Chapter 9 No.9

A mother took her child to the gleaning field, and left it sleeping under the sheaves of wheat whilst she was busily engaged gleaning. The Fairies came to the field and carried off her pretty baby, leaving in its place one of their own infants. At the time, the mother did not notice any difference between her own child and the one that took its place, but after awhile she observed with grief that the baby she was nursing did not thrive, nor did it grow, nor would it try to walk.
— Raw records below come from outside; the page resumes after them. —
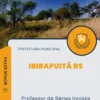 Apostila Professor de Séries Iniciais Prefeitura de Ibirapuitã RS 2024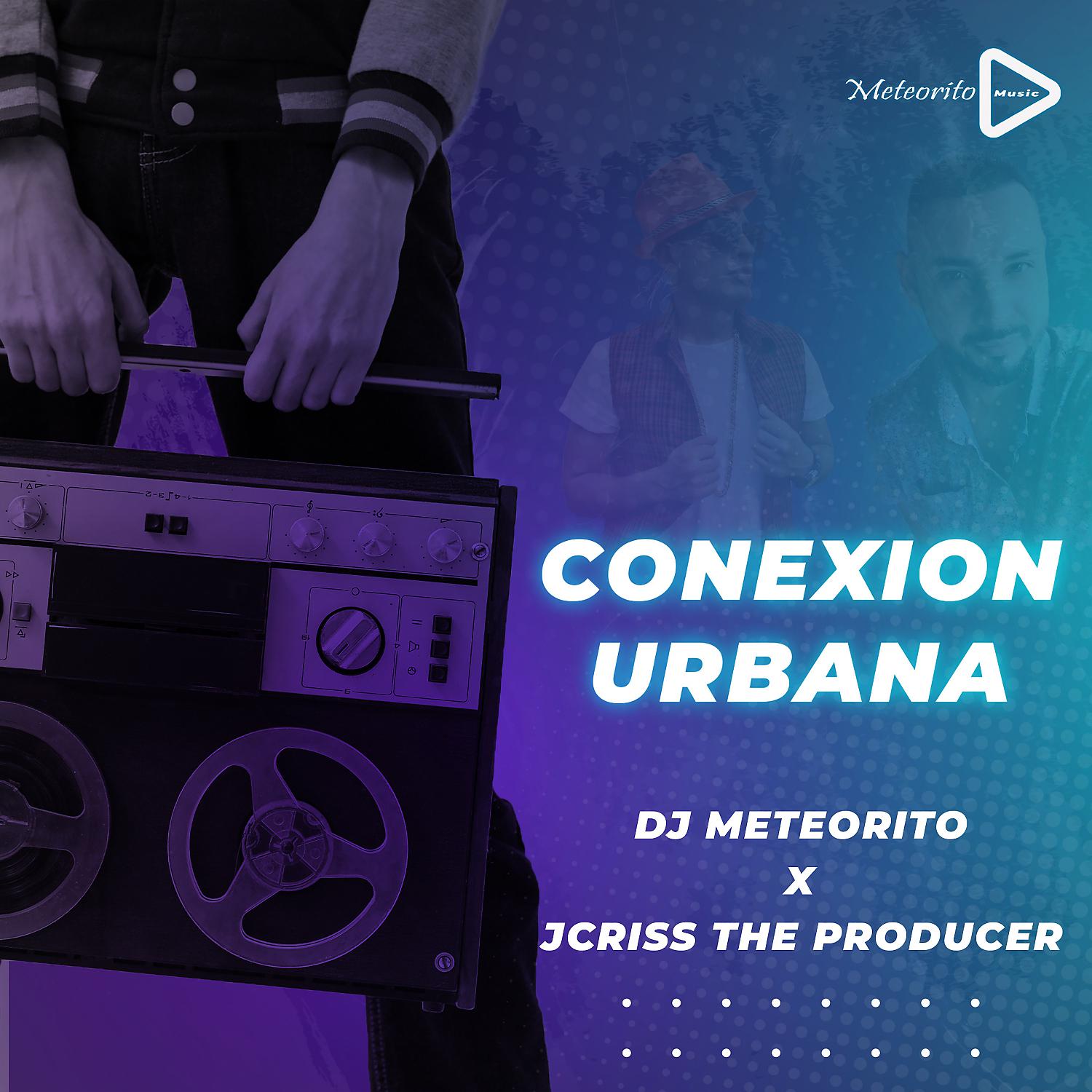 Постер альбома Conexion Urbana (feat. Jcriss The Producer)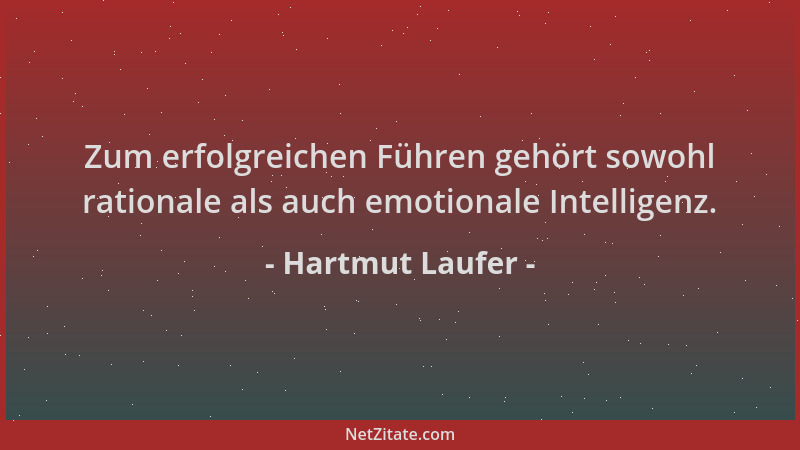 Hartmut Laufer - Zum erfolgreichen Führen gehört sowohl rationale als auch emotionale Intelligenz....
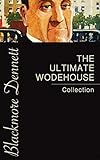 The Ultimate Wodehouse Collection English Edition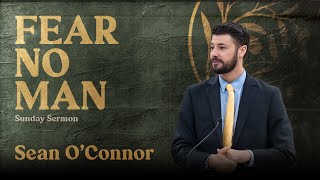 Fear No Man  Sunday Sermon  Sean OConnor  Jan 28 2024 [upl. by Ahtrim579]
She mentioned these facts to her neighbours, and she was told to do something strange and then listen to its conversation. She took an egg-shell and pretended to brew beer in it, and she was then surprised to hear the child, who had observed her actions intently, say:-

Mi welais fesen gan dderwen,

Mi welais wy gan iar,

Ond ni welais i erioed ddarllaw

Mewn cibyn wy iar.

I have seen an oak having an acorn,

I have seen a hen having an egg,

But I never saw before brewing

In the shell of a hen's egg.

This conversation proved the origin of the precocious child who lay in the cradle. The stanza was taken down from Roberts's lips. But he could not say what was done to the fairy changeling.

In Ireland a plan for reclaiming the child carried away by the Fairies was to take the Fairy's changeling and place it on the top of a dunghill, and then to chant certain invocatory lines beseeching the Fairies to restore the stolen child.

There was, it would seem, in Wales, a certain form of incantation resorted to to reclaim children from the Fairies, which was as follows:-The mother who had lost her child was to carry the changeling to a river, but she was to be accompanied by a conjuror, who was to take a prominent part in the ceremony. When at the river's brink the conjuror was to cry out:-

Crap ar y wrach-

A grip on the hag;

and the mother was to respond-

Rhy hwyr gyfraglach-

Too late decrepit one;

and having uttered these words, she was to throw the child into the stream, and to depart, and it was believed that on reaching her home she would there find her own child safe and sound.

I have already alluded to the horrible nature of such a proceeding. I will now relate a tale somewhat resembling those already given, but in this latter case, the supposed changeling became the mainstay of his family. I am indebted for the Gors Goch legend to an essay, written by Mr. D. Williams, Llanfachreth, Merionethshire, which took the prize at the Liverpool Eisteddfod, 1870, and which appears in a publication called Y Gordofigion, pp. 96, 97, published by Mr. I. Foulkes, Liverpool.